SC will hear petitions filed by CJP challenging controversial “anti-conversion” laws

A two-judge bench of CJI Chandrachud and Justice PS Narasimha is scheduled to hear PILs filed by advocate Vishal Thakre and 'Citizens for Justice and Peace', a civil rights group

Anti conversion law

The Supreme Court is scheduled to hear on January 2 a batch of petitions challenging controversial state laws regulating religious conversions due to interfaith marriage. The petitions filed by Citizens for Justice and Peace (CJP) were filed in late 2020, first challenging the Uttarakhand and UP laws, then amended in 2021 to also challenging similar laws filed by Himachal Pradesh and Madhya Pradesh. 

A bench of Chief Justice DY Chandrachud and Justice PS Narasimha is scheduled to hear the PILs filed by advocate Vishal Thakre and an ‘Citizens for Justice and Peace’.

The Supreme Court will also hear a plea by Muslim body ‘Jamiat Ulama-I-Hind’ which it had allowed last year to become a party to the petitions as it claimed a large number of Muslims are being harassed under these laws across the country.

As per the office report uploaded on the website of the Supreme Court,  so far no reply has been filed by the Centre or any of the states which have been made parties to the litigation.

On February 17, 2021, the top court had permitted CJP to make Himachal Pradesh and Madhya Pradesh, also parties to its pending petition by which it had challenged some controversial state laws regulating conversions due to interfaith marriages.

Before this, on January 6, 2021, the SC had agreed to examine certain controversial new laws of Uttar Pradesh and Uttarakhand regulating religious conversions due to such marriages.

It had, however, not stayed the controversial provisions of the laws and issued notices to both the state governments (Himachal Pradesh and Madhya Pradesh) on the petitions.

Since the last hearing of these petitions, both the states of Gujarat and Karnataka have also passed similarly controversial laws. 

The pleas, filed by CJP, has challenged the Constitutional validity of the Uttar Pradesh Prohibition of Unlawful Religious Conversion Ordinance, 2020 and the Uttarakhand Freedom of Religion Act, 2018 which regulate religious conversion of people in interfaith marriages.

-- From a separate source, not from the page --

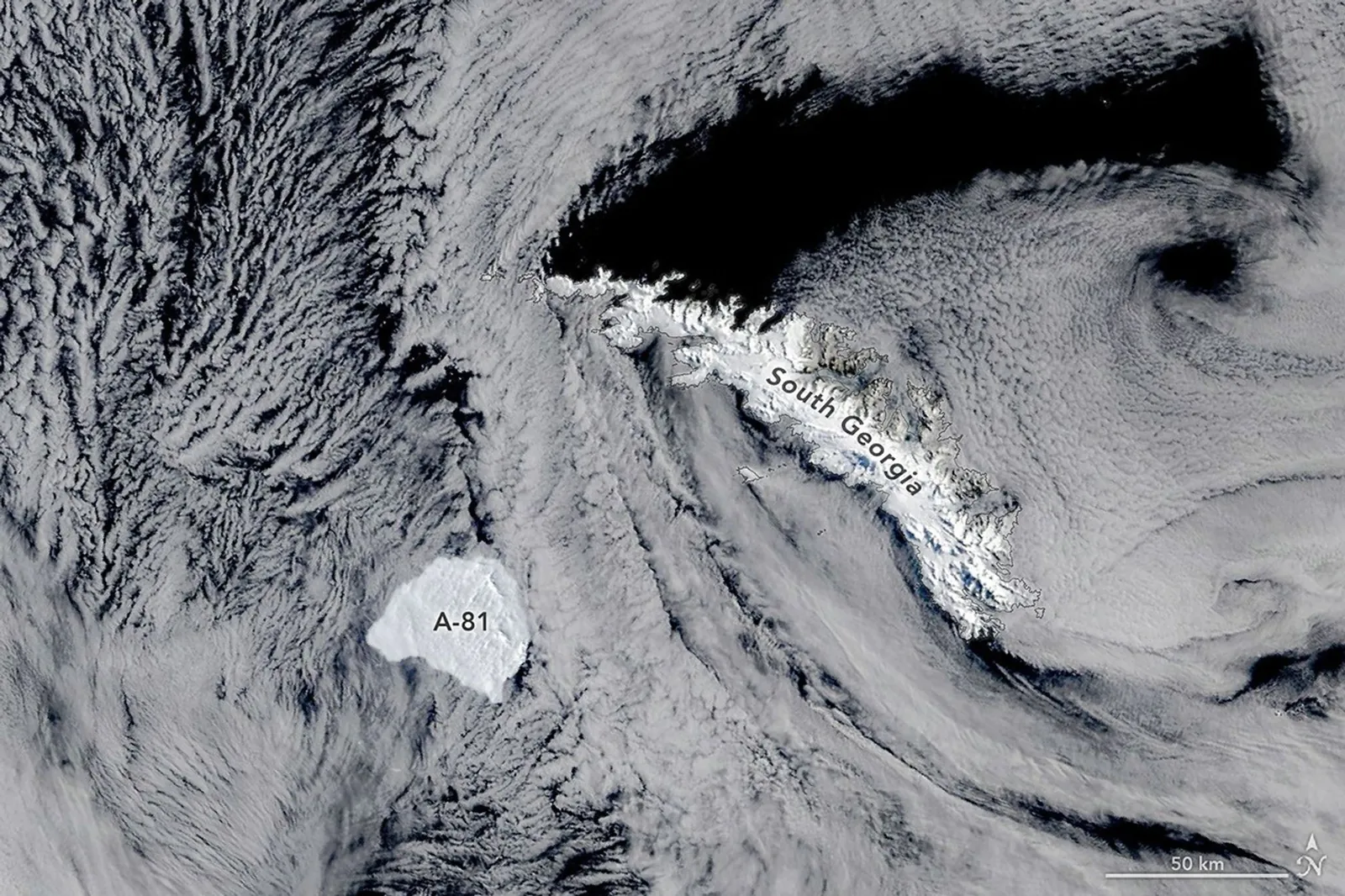 A large, blocky iceberg sits in dark ocean water just southwest of a long, narrow, snow-capped island. Thin clouds partly veil the scene.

CJP had submitted during the last hearing that both Himachal Pradesh and Madhya Pradesh should be made parties to its plea as they have also framed laws on the lines of Uttar Pradesh and Uttarakhand.

The controversial UP ordinance —now an Act— relates to not only interfaith marriages but all religious conversions and lays down elaborate procedures for any person who wishes to convert to another religion.

The Uttarakhand law entails a two-year jail term to any person or persons found guilty of religious conversion through “force or allurement”. The allurement can be in cash, employment, or material benefit.

CJP’s detailed petition questions these laws which curtail the fundamental rights of the citizens of India provided under the Constitution.

The plea said the laws passed by Uttar Pradesh and Uttarakhand against ‘Love Jihad’ and punishments thereof may be declared ultra vires and null and void because they disturb the basic structure of the Constitution as laid down by the law. It claimed they are against public policy and society at large.

CJP has laid down detailed grounds to show how the legislations violate Articles 21 and 25, as they empower the state to suppress an individual’s personal liberty and the freedom to practice religion of one’s choice. Besides, autonomy and free choice and the non-negotiable right to privacy stand violated. The right to a life without discrimination and with dignity also gets hit with police being empowered, even weaponised to regulate private choices of individuals. 

The Jamiat Ulama-I-Hind, in its application filed through advocate Ejaj Maqbool, raises the issue of fundamental rights of the Muslim youth who are being allegedly targeted and demonised by using the impugned ordinance which in itself is unconstitutional being violative of Articles 14, 21 and 25.